Given information:

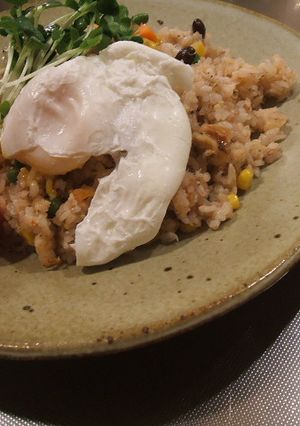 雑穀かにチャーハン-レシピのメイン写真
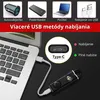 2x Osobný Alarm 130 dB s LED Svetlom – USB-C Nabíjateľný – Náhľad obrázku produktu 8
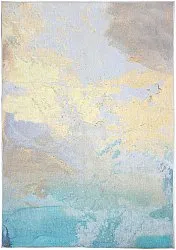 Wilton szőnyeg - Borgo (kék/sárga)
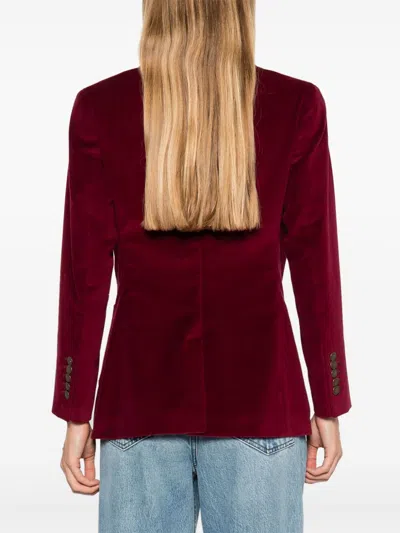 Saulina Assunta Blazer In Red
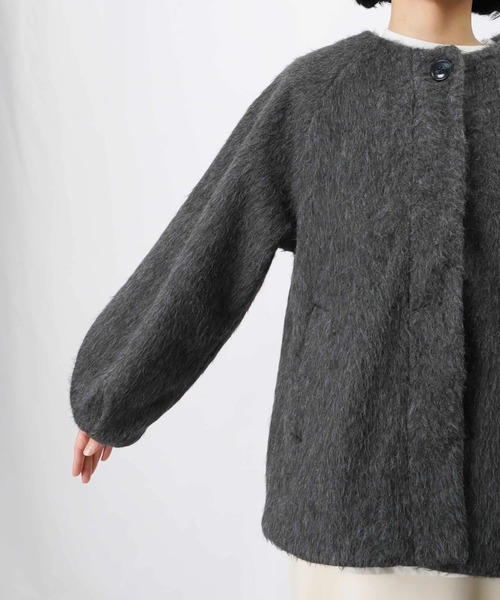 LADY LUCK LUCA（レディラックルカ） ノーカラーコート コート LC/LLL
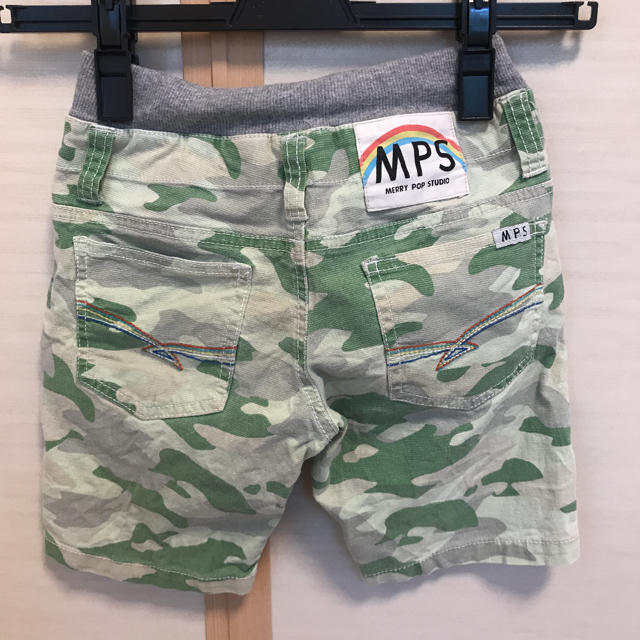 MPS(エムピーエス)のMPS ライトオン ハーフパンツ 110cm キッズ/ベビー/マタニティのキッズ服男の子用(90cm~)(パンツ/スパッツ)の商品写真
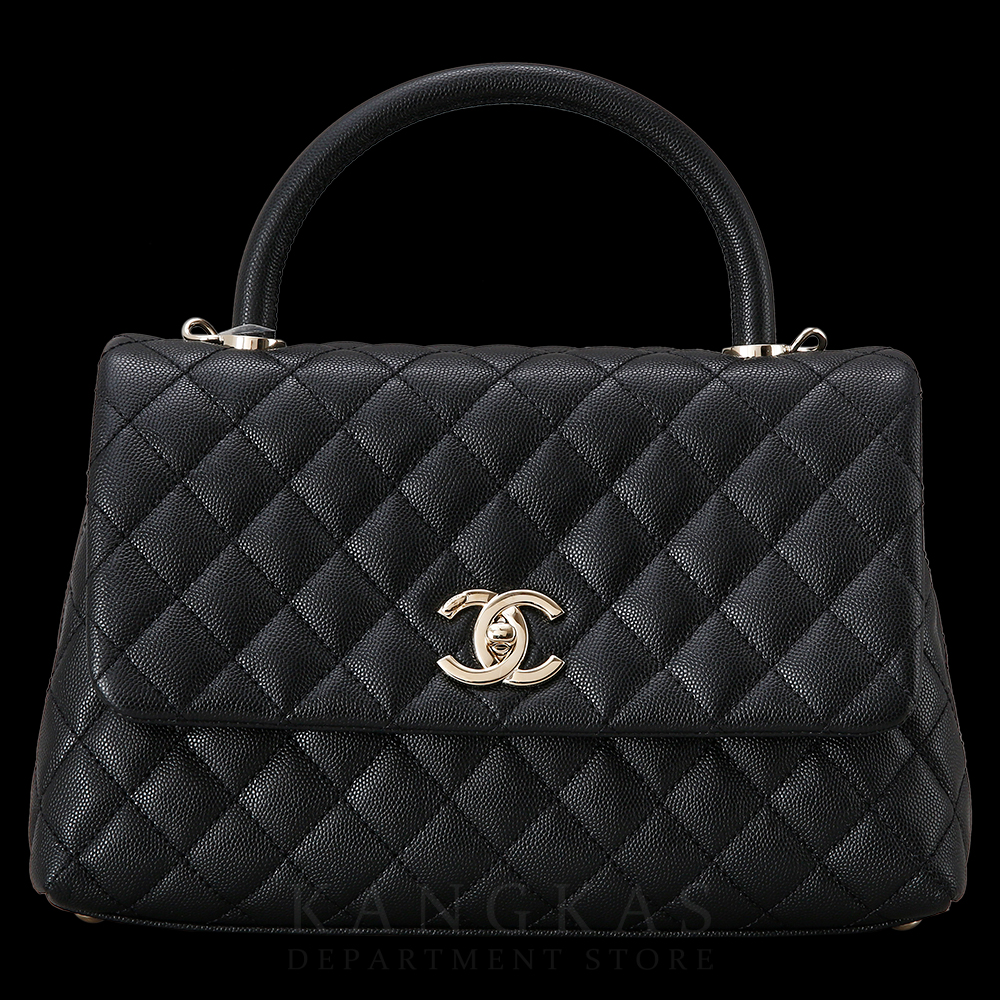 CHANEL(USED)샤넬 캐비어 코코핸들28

--

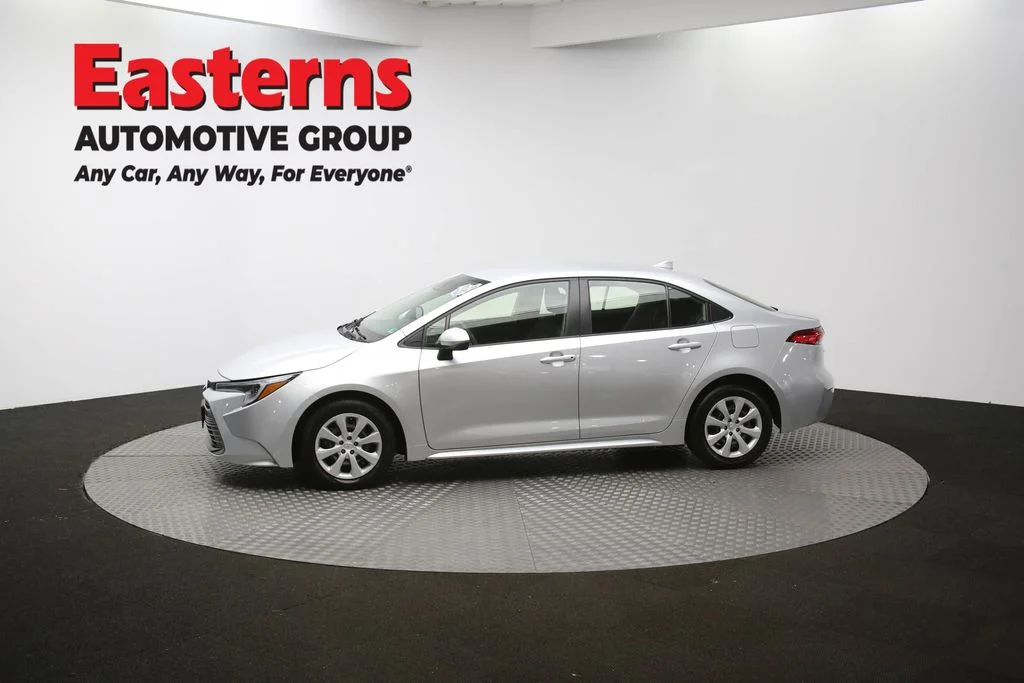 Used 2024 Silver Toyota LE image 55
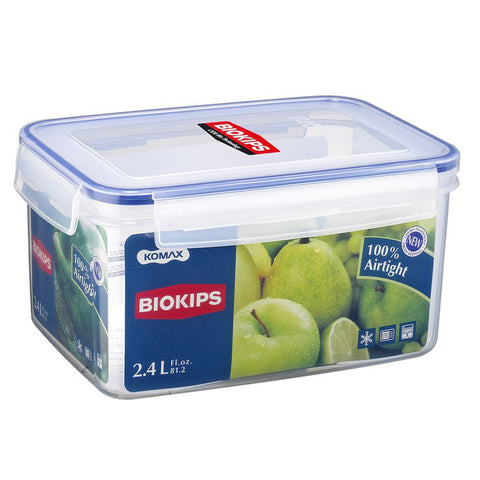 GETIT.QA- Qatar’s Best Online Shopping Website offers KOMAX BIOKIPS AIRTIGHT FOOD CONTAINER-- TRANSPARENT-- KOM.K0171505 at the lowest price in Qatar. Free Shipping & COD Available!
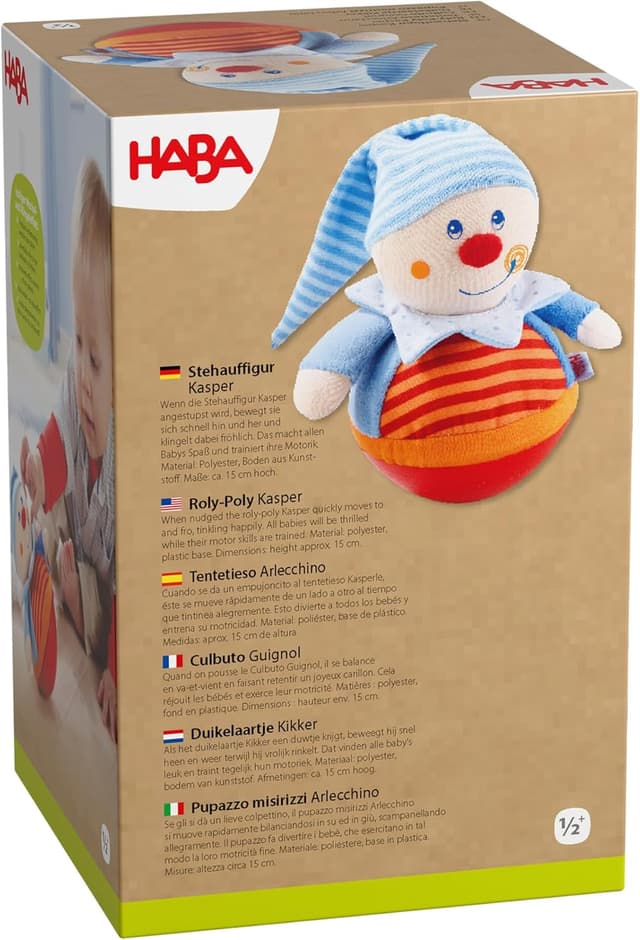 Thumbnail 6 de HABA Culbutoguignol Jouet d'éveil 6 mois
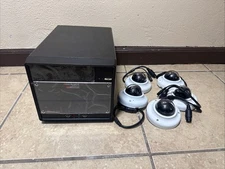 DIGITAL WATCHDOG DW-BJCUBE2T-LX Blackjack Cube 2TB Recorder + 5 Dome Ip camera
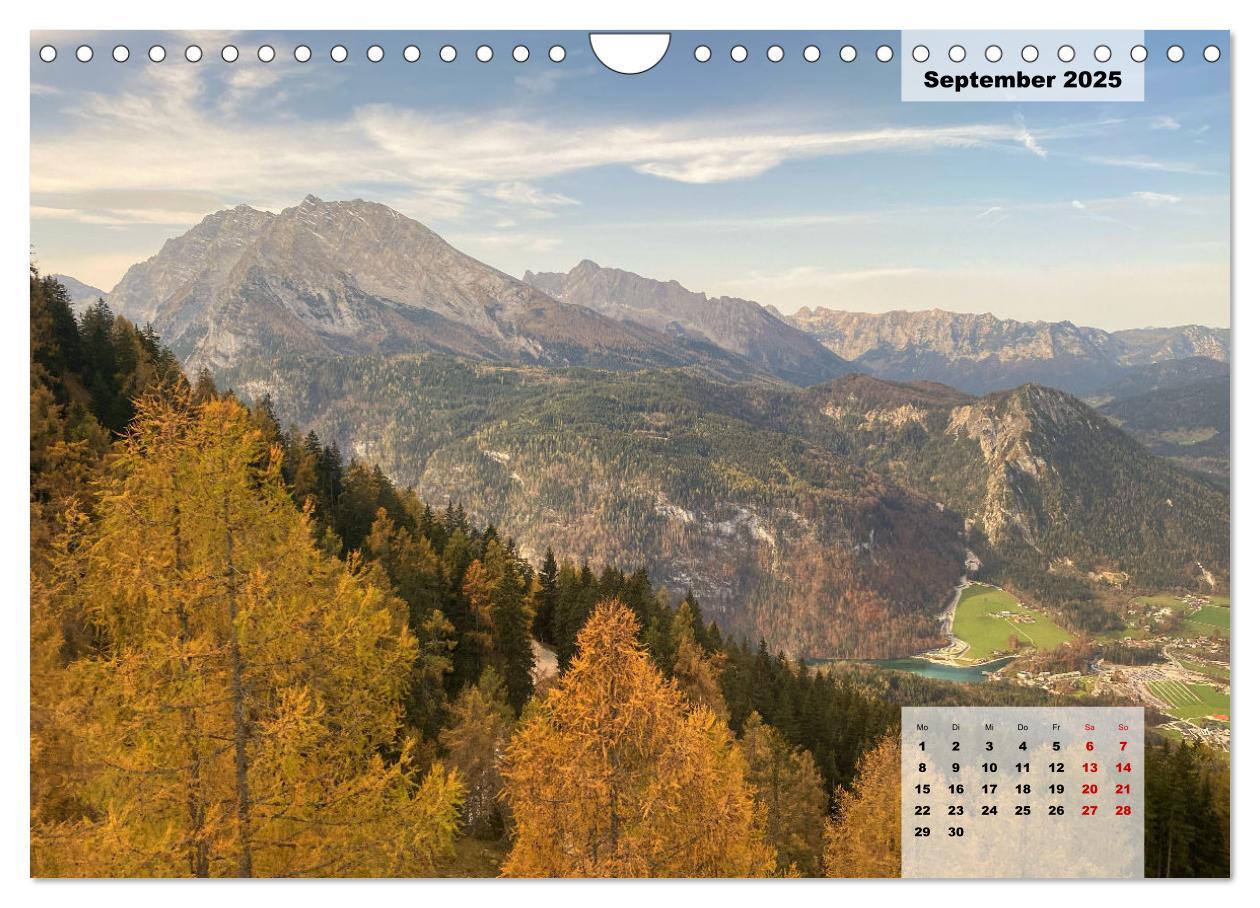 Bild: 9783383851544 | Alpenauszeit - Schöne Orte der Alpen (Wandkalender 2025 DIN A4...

---

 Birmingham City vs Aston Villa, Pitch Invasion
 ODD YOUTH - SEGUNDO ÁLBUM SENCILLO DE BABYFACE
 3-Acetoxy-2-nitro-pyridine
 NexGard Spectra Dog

Problem description: Write out exactly the lines above between the one with "Wilton szőnyeg - Borgo (kék/sárga)" and the one with "CHANEL(USED)샤넬 캐비어 코코핸들28", inclusive, with pictures left out.

Reply:
 Wilton szőnyeg - Borgo (kék/sárga)
 Saulina Assunta Blazer In Red
 LADY LUCK LUCA（レディラックルカ） ノーカラーコート コート LC/LLL
 MPS(エムピーエス)のMPS ライトオン ハーフパンツ 110cm キッズ/ベビー/マタニティのキッズ服男の子用(90cm~)(パンツ/スパッツ)の商品写真
 CHANEL(USED)샤넬 캐비어 코코핸들28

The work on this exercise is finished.